Task requirements.
Nothing but the lines from the start of the records through the line that contains "Number seven: switch" is to be copied, and each is to be copied exactly.

--- Data records ---

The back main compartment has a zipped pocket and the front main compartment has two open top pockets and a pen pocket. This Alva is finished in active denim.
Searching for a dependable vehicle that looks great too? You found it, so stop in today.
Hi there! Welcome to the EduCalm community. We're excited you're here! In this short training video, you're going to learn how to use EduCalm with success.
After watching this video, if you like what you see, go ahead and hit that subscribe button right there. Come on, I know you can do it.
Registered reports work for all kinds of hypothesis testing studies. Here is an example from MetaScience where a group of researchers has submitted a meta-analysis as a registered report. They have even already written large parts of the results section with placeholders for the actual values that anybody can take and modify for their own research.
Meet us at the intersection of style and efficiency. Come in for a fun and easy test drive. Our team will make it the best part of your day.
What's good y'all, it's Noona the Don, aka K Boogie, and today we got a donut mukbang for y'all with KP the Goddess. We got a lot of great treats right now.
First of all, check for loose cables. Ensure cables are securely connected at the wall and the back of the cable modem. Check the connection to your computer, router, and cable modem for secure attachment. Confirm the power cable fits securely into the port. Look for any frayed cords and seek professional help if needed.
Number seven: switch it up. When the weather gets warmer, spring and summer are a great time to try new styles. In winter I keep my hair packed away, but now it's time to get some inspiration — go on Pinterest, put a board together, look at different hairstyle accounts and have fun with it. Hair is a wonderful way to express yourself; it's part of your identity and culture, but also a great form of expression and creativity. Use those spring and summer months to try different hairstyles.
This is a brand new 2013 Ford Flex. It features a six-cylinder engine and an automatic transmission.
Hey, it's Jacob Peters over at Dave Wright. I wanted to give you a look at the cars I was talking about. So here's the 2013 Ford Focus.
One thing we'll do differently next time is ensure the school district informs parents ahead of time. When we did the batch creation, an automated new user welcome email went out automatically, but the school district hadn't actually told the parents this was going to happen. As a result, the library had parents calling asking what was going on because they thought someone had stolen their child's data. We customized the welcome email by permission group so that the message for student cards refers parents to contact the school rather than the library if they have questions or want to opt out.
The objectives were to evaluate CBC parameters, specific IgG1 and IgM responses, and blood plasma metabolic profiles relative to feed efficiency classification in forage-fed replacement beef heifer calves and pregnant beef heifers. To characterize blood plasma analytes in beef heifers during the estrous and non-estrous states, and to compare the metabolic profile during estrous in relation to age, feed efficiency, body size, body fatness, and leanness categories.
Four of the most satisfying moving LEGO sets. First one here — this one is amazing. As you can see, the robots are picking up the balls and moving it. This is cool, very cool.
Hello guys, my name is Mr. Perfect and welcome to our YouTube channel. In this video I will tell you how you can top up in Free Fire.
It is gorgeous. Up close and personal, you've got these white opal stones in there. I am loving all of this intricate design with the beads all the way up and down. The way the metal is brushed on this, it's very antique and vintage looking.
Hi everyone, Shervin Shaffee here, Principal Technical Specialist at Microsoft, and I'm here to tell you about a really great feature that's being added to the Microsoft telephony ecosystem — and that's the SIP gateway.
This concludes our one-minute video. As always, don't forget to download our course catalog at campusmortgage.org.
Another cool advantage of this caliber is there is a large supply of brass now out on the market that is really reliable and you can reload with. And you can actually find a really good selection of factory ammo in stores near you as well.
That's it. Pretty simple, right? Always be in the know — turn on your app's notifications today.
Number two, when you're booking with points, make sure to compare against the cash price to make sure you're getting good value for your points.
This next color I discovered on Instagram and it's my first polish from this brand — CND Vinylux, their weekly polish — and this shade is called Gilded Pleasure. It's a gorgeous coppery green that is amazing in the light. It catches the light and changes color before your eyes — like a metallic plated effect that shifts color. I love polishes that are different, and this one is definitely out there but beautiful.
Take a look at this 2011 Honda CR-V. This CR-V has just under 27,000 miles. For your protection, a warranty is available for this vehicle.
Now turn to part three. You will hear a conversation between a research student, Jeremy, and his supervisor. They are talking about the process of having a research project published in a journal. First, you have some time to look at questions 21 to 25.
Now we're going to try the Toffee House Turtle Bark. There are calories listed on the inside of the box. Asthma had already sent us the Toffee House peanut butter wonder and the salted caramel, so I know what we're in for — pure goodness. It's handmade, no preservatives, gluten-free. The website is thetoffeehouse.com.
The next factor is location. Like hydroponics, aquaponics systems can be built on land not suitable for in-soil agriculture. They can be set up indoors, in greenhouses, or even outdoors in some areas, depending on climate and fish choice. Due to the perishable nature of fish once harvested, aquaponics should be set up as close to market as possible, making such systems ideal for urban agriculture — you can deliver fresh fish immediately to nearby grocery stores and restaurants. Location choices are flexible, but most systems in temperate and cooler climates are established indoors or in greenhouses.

---

Answer box.
The back main compartment has a zipped pocket and the front main compartment has two open top pockets and a pen pocket. This Alva is finished in active denim.
Searching for a dependable vehicle that looks great too? You found it, so stop in today.
Hi there! Welcome to the EduCalm community. We're excited you're here! In this short training video, you're going to learn how to use EduCalm with success.
After watching this video, if you like what you see, go ahead and hit that subscribe button right there. Come on, I know you can do it.
Registered reports work for all kinds of hypothesis testing studies. Here is an example from MetaScience where a group of researchers has submitted a meta-analysis as a registered report. They have even already written large parts of the results section with placeholders for the actual values that anybody can take and modify for their own research.
Meet us at the intersection of style and efficiency. Come in for a fun and easy test drive. Our team will make it the best part of your day.
What's good y'all, it's Noona the Don, aka K Boogie, and today we got a donut mukbang for y'all with KP the Goddess. We got a lot of great treats right now.
First of all, check for loose cables. Ensure cables are securely connected at the wall and the back of the cable modem. Check the connection to your computer, router, and cable modem for secure attachment. Confirm the power cable fits securely into the port. Look for any frayed cords and seek professional help if needed.
Number seven: switch it up. When the weather gets warmer, spring and summer are a great time to try new styles. In winter I keep my hair packed away, but now it's time to get some inspiration — go on Pinterest, put a board together, look at different hairstyle accounts and have fun with it. Hair is a wonderful way to express yourself; it's part of your identity and culture, but also a great form of expression and creativity. Use those spring and summer months to try different hairstyles.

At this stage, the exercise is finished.